Les audiences de la semaine prochaine seront consacrées à déterminer ce que pourraient être les « conséquences pénales » de la gouvernance à long-terme en Cisjordanie et à Jérusalem-Est suite de la demande soumise par l’Assemblée générale, qui réclame donc un avis consultatif.
De manière plus spécifique, la plainte demande à la Cour quelles seront les conséquences juridiques « émanant des violations en cours, de la part d’Israël, du droit des Palestiniens à l’auto-détermination au regard de son occupation prolongée, des implantations et de l’annexion des territoires palestiniens occupés depuis 1967 ; de la prise de mesures dont l’objectif est de modifier la composition démographique de ces territoires, le caractère et le statut de la Ville Sainte de Jérusalem en tenant compte de l’adoption de législations et de mesures discriminatoires qui y sont liées. »

La procédure commencera lundi avec les arguments oraux qui seront avancés par « l’État de Palestine », qui bénéficie de trois heures pour les présenter. Dans la semaine, ce sont 52 autres nations, ainsi que l’Organisation de coopération islamique et l’Union africaine, qui feront une présentation orale de 30 minutes devant le tribunal, en commençant par l’Afrique du sud.

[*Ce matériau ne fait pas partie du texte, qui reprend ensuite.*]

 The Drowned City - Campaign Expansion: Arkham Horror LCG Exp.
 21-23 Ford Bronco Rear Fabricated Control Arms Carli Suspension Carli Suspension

Un grand nombre de pays qui présenteront leurs arguments, au cours de l’audience, devraient faire preuve d’hostilité à l’égard d’Israël – c’est notamment le cas du Bangladesh, de Cuba, de l’Iran, du Pakistan et d’autres. D’autres encore comprennent la Russie, qui occupe actuellement de larges pans de l’Ukraine ainsi que deux régions de Géorgie, et la Turquie, qui occupe plusieurs régions de la Syrie.
Les nations occidentales comme les États-Unis, le Royaume-Uni, les Pays-Bas, la France et la Hongrie, entre autres, présenteront également des arguments oraux et ils pourraient adopter des points de vue plus modérés sur la question.
La résolution de l’Assemblée générale des Nations unies qui avait approuvé la demande faite d’un avis consultatif se référait à de nombreux aspects du contrôle israélien de la Cisjordanie, de Jérusalem-Est et des politiques mises en œuvre à l’égard de Gaza. Elle n’avait pas reconnu la nature complexe et contestée au niveau politique du conflit israélo-palestinien et des conséquences de cette réalité sur le terrain.
Elle exprimait « une préoccupation profonde » face aux « graves restrictions » mises en œuvre sur la liberté de déplacement des Palestiniens, face aux violences des résidents d’implantations contre les civils et face à ce qu’elle qualifiait de « situation humanitaire catastrophique » à Gaza avant que le conflit actuel n’éclate.
La résolution demandait qu’Israël « cesse le déplacement forcé des civils », se référant en particulier au déplacement de certaines communautés bédouines ; que l’État juif cesse « le transfert de sa propre population dans les Territoires palestiniens occupés » et notamment à Jérusalem-Est ; qu’il mette un arrêt aux activités d’implantation et qu’il lève le blocus sur Gaza.
Le professeur Robbie Sabel, spécialiste de droit international à l’université Hébraïque, a indiqué que le but ultime de la requête d’avis consultatif était d’obtenir une reconnaissance, de la part des juges, que la gouvernance d’Israël en Cisjordanie était illégale, ainsi qu’une déclaration sur les éventuelles conséquences induites par cette illégalité.
Mais il a noté que la résolution ne comprenait pas d’argument juridique et qu’elle était plutôt un recueil de conclusions politiques tirées par l’Assemblée générale.
« Elle a d’ores et déjà déterminé qu’Israël est coupable de ces crimes, ils détermineront que ces territoires sont des territoires palestiniens alors que la question reste controversée », a indiqué Sabel.